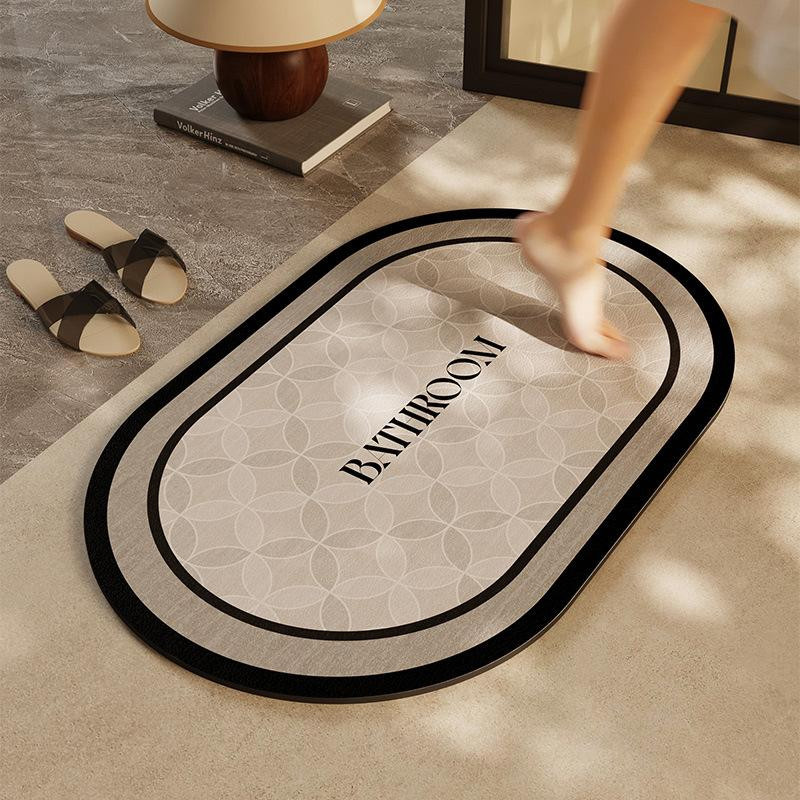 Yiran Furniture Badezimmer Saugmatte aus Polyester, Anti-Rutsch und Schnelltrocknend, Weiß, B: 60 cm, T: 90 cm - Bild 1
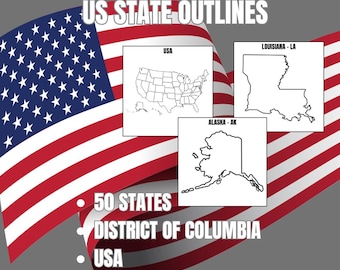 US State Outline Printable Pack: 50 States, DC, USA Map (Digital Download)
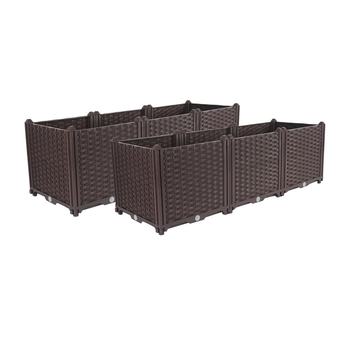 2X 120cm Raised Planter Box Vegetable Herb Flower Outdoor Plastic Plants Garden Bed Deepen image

==

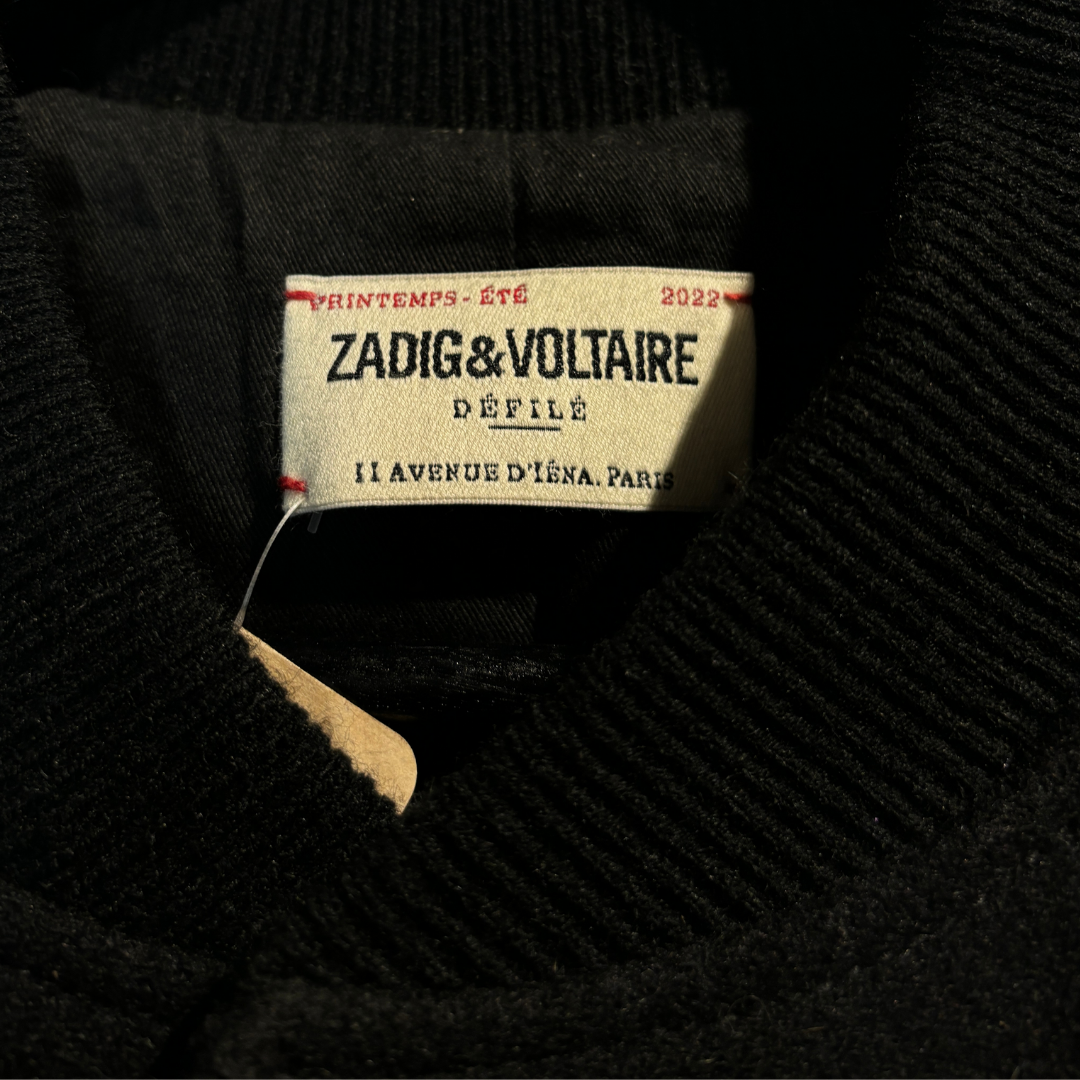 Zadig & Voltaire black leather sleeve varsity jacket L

--

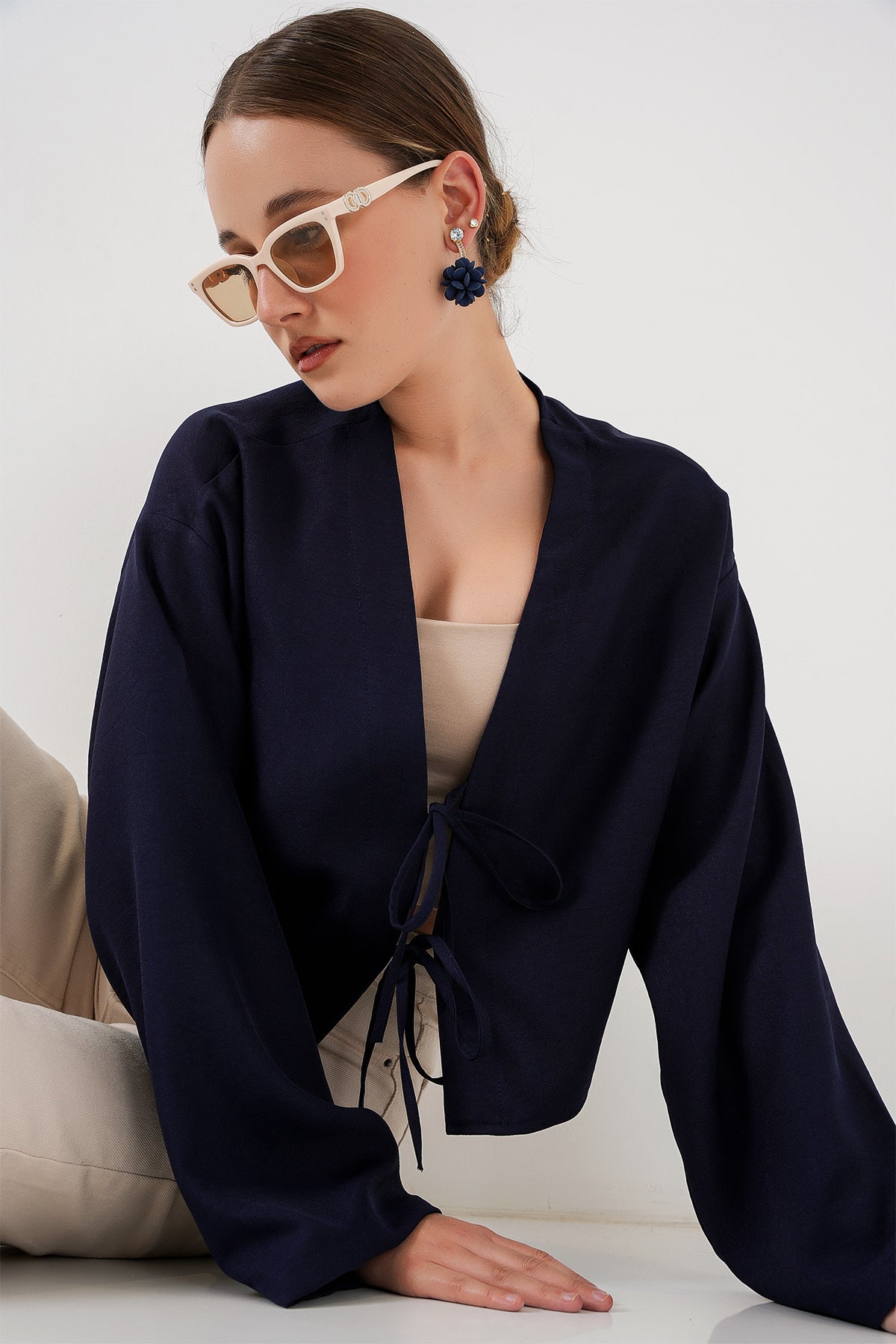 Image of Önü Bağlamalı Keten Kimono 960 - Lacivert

What you are asked to do:
Set the pictures aside and retype exactly the lines above from the line with "Yiran Furniture Badezimmer" to the line with "2X 120cm Raised", both included, adding no others.

Exercise answer:
 Yiran Furniture Badezimmer Saugmatte aus Polyester, Anti-Rutsch und Schnelltrocknend, Weiß, B: 60 cm, T: 90 cm - Bild 1
 US State Outline Printable Pack: 50 States, DC, USA Map (Digital Download)
 2X 120cm Raised Planter Box Vegetable Herb Flower Outdoor Plastic Plants Garden Bed Deepen image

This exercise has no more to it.